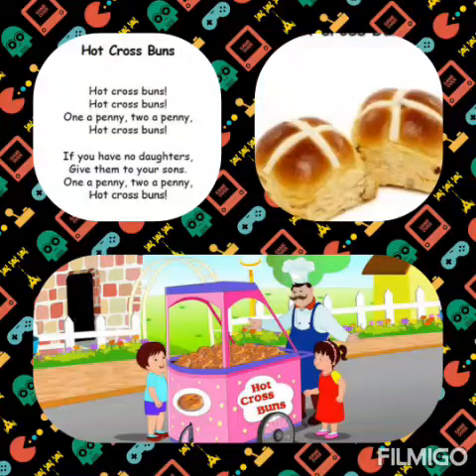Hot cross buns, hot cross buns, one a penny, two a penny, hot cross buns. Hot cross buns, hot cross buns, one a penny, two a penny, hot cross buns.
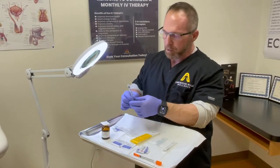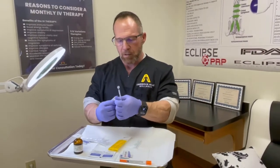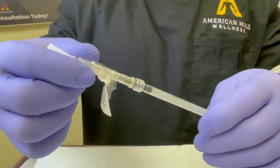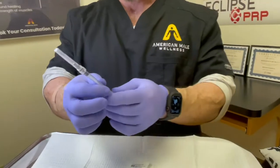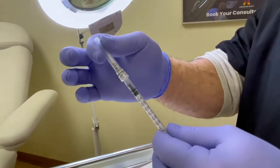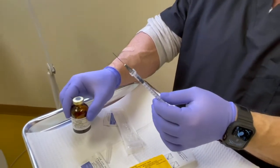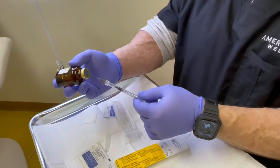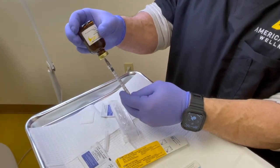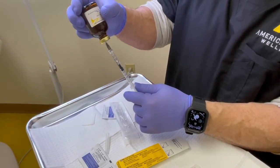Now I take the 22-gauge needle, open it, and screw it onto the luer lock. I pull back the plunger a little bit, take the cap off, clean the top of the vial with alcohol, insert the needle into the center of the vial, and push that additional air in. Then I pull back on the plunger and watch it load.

########

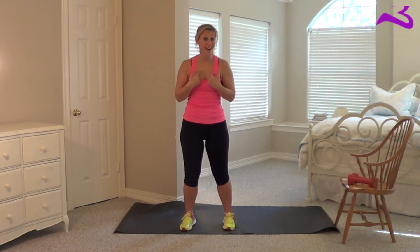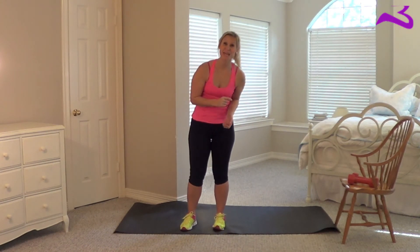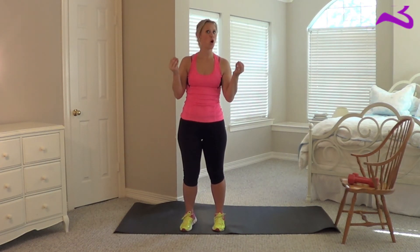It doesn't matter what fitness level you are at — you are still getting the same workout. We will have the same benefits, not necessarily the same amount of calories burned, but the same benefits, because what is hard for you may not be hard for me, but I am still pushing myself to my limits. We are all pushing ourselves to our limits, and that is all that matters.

########

* **PROBLEM REQUIREMENTS**: Return exactly the stretch above whose first line contains "cross buns. Hot" and whose last line contains "Now I take the", and nothing outside it. The pictures should not appear.

* **COMPLETED TASK**:
Hot cross buns, hot cross buns, one a penny, two a penny, hot cross buns. Hot cross buns, hot cross buns, one a penny, two a penny, hot cross buns.
Now I take the 22-gauge needle, open it, and screw it onto the luer lock. I pull back the plunger a little bit, take the cap off, clean the top of the vial with alcohol, insert the needle into the center of the vial, and push that additional air in. Then I pull back on the plunger and watch it load.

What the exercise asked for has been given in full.